San Domenico School recently caused controversy with their decision to take down a number of religious statues on campus. Located in San Anselmo, San Domenico is a K-12 private school with an international boarding program for students in grades 9-12.
The statue of Saint Dominic, the school’s father figure, sits at the front of the 515-acre campus, welcoming students. The statue was placed at the San Anselmo school location in 1962, when the school opened, alongside many other saints and Catholic icons. The most glorified statue, a figure of Virgin Mary and Baby Jesus, was also taken down.
“In middle school and elementary [school] we would place flowers on the statue during an annual ceremony, so it was a big deal that certain statue moved because it was the main statue for our school and represented Mary and Baby Jesus,” said junior Kelsey Peltz, who transferred to Redwood this year.
According to Peltz, the school has gradually changed their teachings, removing second grade First Reconciliation and First Communion. However, critics of the altered curriculum argue that the changes which are making the school more independent take away from the original rooting of the school.
Peltz explained the evolving curriculum further.
“We didn’t really learn about Christianity so I don’t know why it was called a Catholic school. We studied different religions such as Buddhism and Hinduism at school and there wasn’t a strong Catholic pressure,” Peltz said.

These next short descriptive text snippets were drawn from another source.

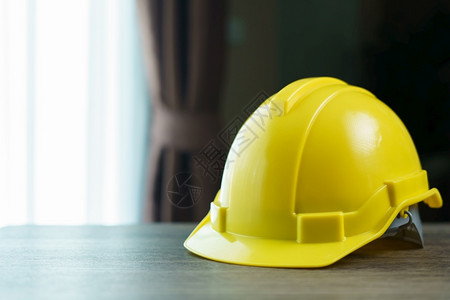 黄色头盔棕木制桌上的安全帽项目建造工业的图片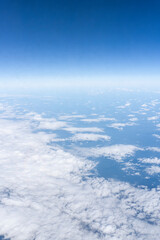 Fototapeta premium beautiful blue sky and clouds, view from the airplane window, horizontal photo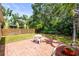 Charming backyard patio with seating offers a great spot for outdoor dining and relaxing in a lush setting at 743 Stonecrest Dr, Sarasota, FL 34232
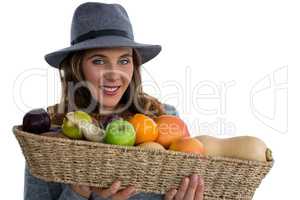 Portrait of young woman holding vegetables in wicker basket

With 660 students, San Domenico is ranked the 25th K-12 school in California, according to Niche Rankings.
“I was one of the only Jewish kids, so they used me as their token Jew. Most people were Christian or semi-Christian and there was a few people who were strongly religious, but other than that it was like any other school and there wasn’t too much religious influence,” Peltz said.
Head of School Cecily Stock said that her goal is to make it apparent that San Domenico is not only Catholic-based and welcomes students of all religions, according to the Marin Independent Journal.
“They try not to force any beliefs upon you; it being a Catholic school does not affect your personal beliefs,” said junior Julian Haggard, who previously went to Saint Patrick’s, a private Catholic school.
According to Amy Skewes-Cox, a member of the San Domenico’s board of trustees, 80 percent of San Domenico families do not identify as Catholic. Skewes-Cox said that the school is open to changing their school academic curriculum to include all regions, according to the Marin Independent Journal.
On the other hand, because the school was founded as a Catholic institution, the religious statues continue to hold deep importance.
“I had one girlfriend who is very Catholic. All over her dorm room are quotes from Jesus and Psalms. I know she was really upset about the situation and was hurt by it. She claimed that she signed up for a Catholic school, and the school isn’t representing the Catholic community,” Peltz said.
Peltz and Haggard though have not been offended by the removal. They claim that especially since neither attend Catholic schools anymore, it didn’t impact them.
“The statues were more of a representation of the church and school you attend,” Haggard said. “So usually when you are at a Catholic school it is a part of the archdiocese, so you have maybe one statue of a historical figure which represents all Catholicism and is more unique to your school and may coordinate with your school name.”